MÉXICO, D.F., 13 de enero.- Abrimos 2010 con acontecimientos que no sólo sobrepasan, sino que han desfondado la vida política entendida en su sentido de bien y sentido común. Diversos en su expresión –aumentos en los impuestos y los productos, desempleo, narcotráfico, criminalidad, violencia, descontento–, dichos acontecimientos guardan, sin embargo, un mismo fondo: la perversión de todo en valor. Esta palabra, usada irresponsablemente por todo tipo de consultores, sacerdotes, moralistas y políticos liberales –“hay que educar en valores”, dicen con una irresponsabilidad aterradora–, es, en su fondo, la base sobre la que se asientan la destrucción de la vida política y los grandes males que nos aquejan.

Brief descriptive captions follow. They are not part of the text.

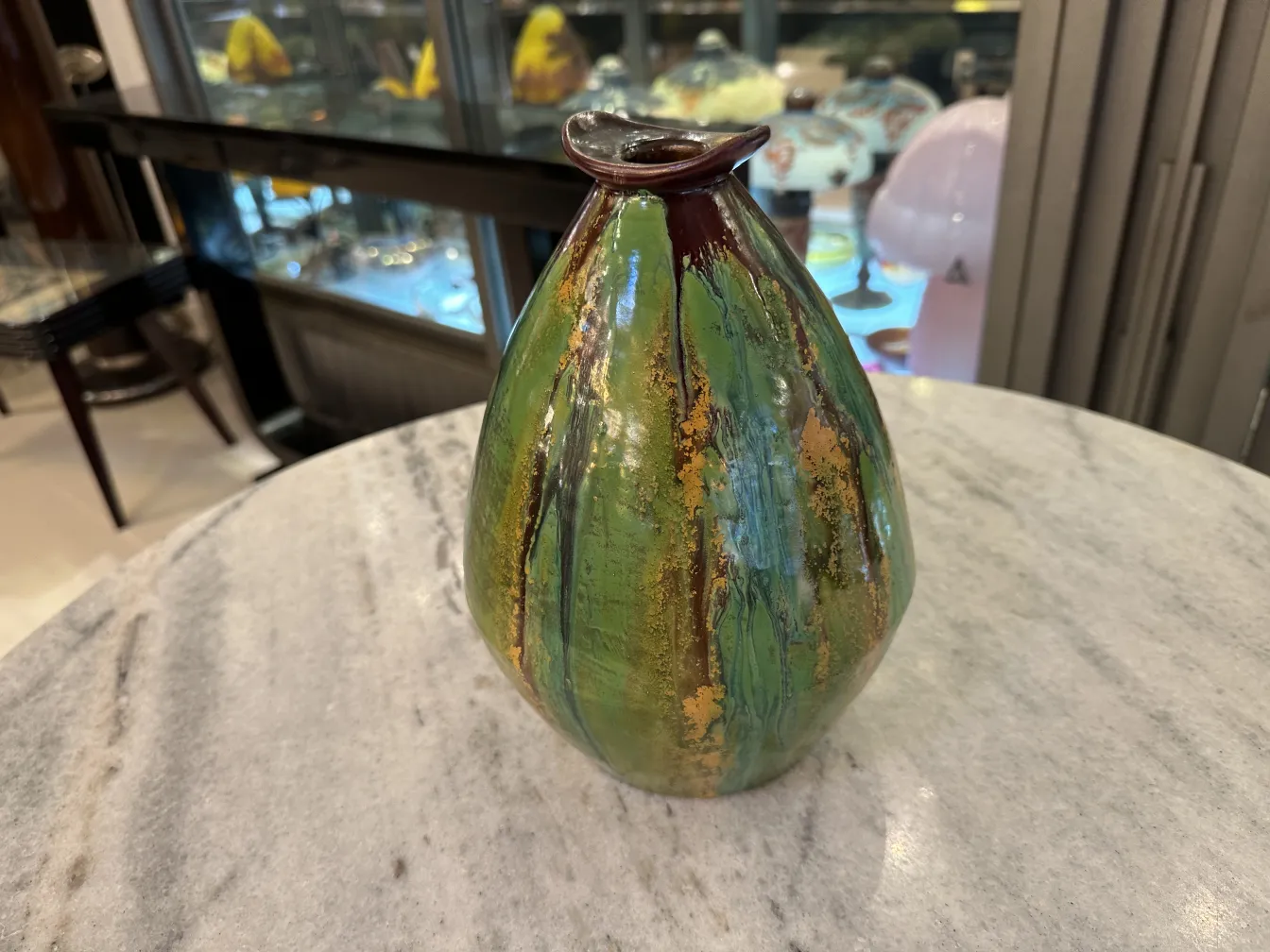 Antique ceramic vase with green and golden shades.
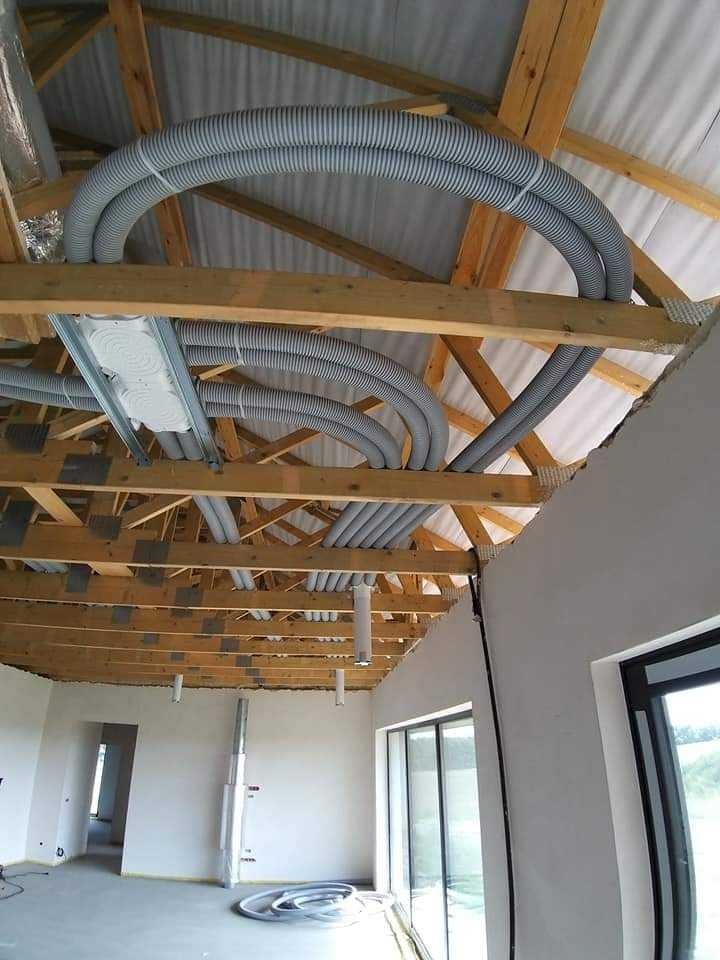 Montaż elastycznych przewodów wentylacyjnych pod drewnianą konstrukcją dachu w surowym wnętrzu budynku, widoczne rury spiro i skrzynka rozdzielcza.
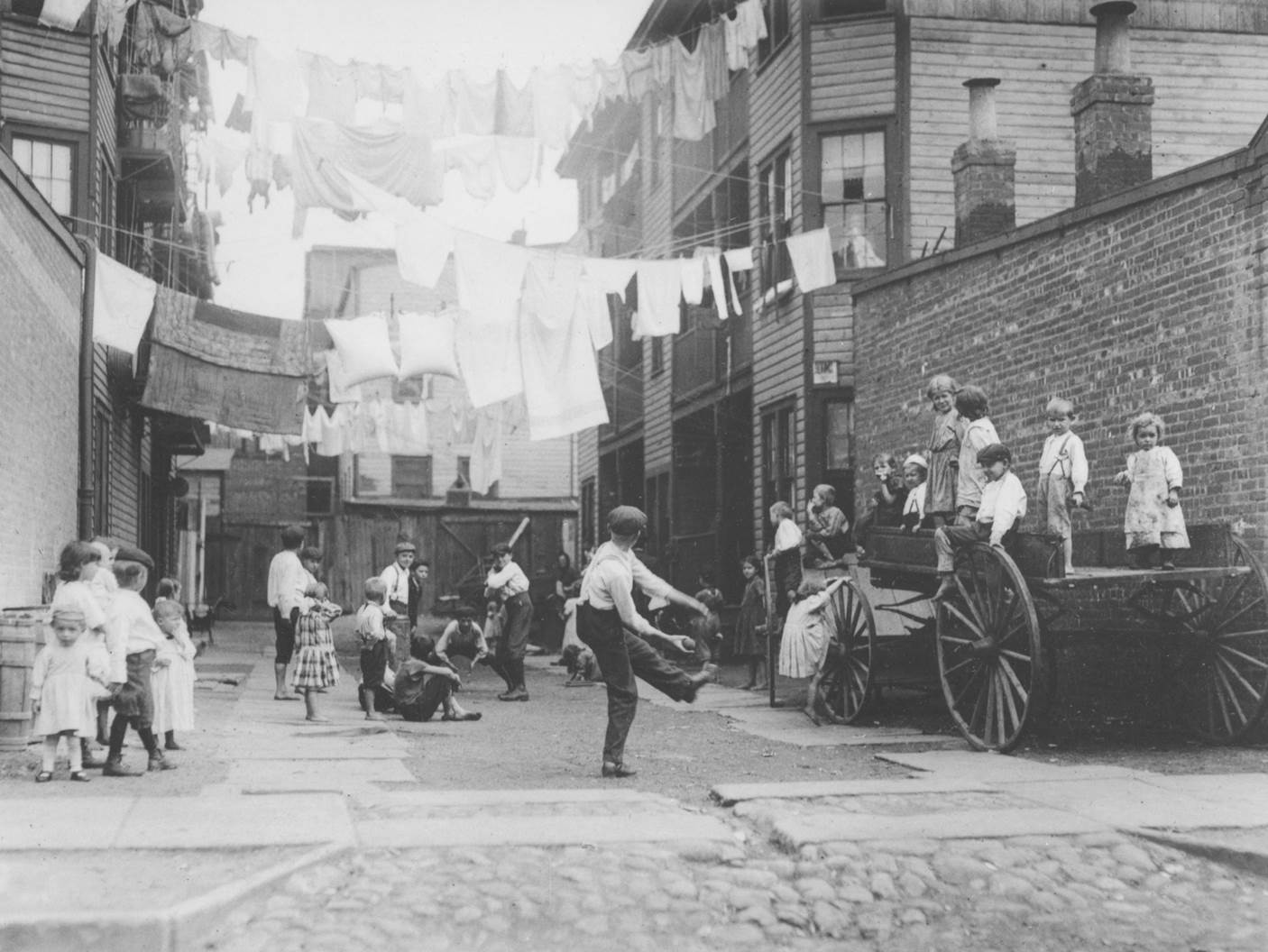 Lewis Hine’s 1910 photograph shows a tenement alley in New York City. More famous for his “unsettlin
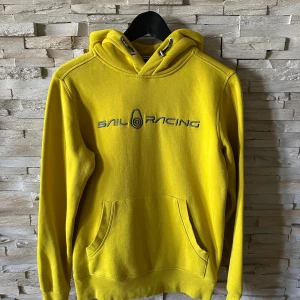 Gul hoodie från Sail Racing - Gul hoodie från Sail Racing med broderad logga på bröstet och en mindre logga på huvan. Tröjan har känguruficka, snörning i huvan och långa ärmar. Perfekt för dig som gillar sportig och färgstark stil.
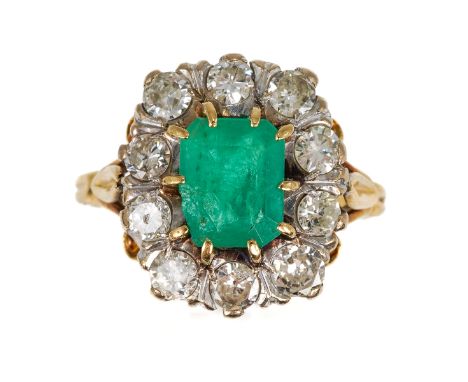 An 18ct yellow gold emerald and diamond cluster ring, the step-cut emerald surrounded by ten round diamonds, total diamond we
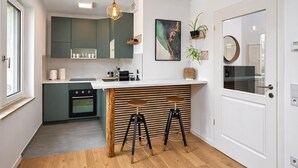 A modern kitchen with a central island, bar stools, a hanging light fixture, and a large window. - Gleam Homes Dresden HafenCity Urban District (Dresden)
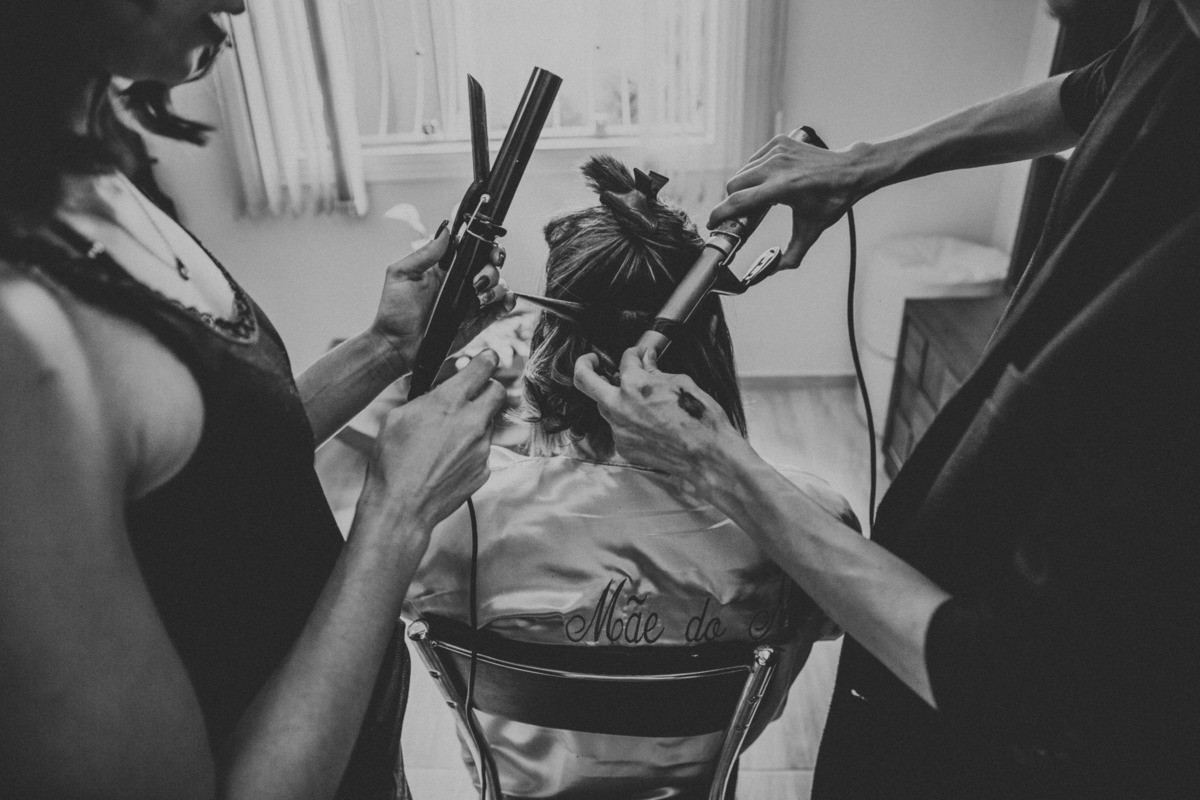 Noiva criando o seu penteado para o casamento em casa durante o making of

Es verdad que en la Antigüedad el valor tenía un sentido moral, que aún puede rastrearse en las acepciones de los diccionarios. Aunque, como decía Voltaire, no es “una virtud, sino una cualidad que comparten los bribones y los grandes hombres” –se puede, como un terrorista, ser cruel y valiente a la vez–, el valor –que sólo se hace virtud si se pone al servicio de otro o de una causa general y generosa– es un ingrediente fundamental de la moral. Alguien temeroso jamás puede ejercer su deber –el miedo es egoísta; la cobardía y la mentira lo son también–. El valor está, en este sentido, muy próximo a la dignidad, indica algo que moralmente es precioso y magnífico.
Por desgracia, desde inicios del siglo XVII el término comenzó a designar lo que es deseable, útil e incluso lo que se debía, para convertirse, durante el siglo XVIII, con el liberalismo económico, en el precio de venta de los objetos que se volvieron bienes. Lo que antes era la sustancia de una virtud, tocado por el mercantilismo se transformó en una realidad medible, manipulable y maximizable.
Nada, desde entonces, más contrario al bien que el valor, y, sin embargo, nada, hoy en día, más relacionado con el bien que ese mismo principio. En ética y en política, el valor ha invadido todo lo que tiene que ver con el bien, al grado de que el dinero, que tasa todos los valores, se ha convertido en el símbolo de los bienes.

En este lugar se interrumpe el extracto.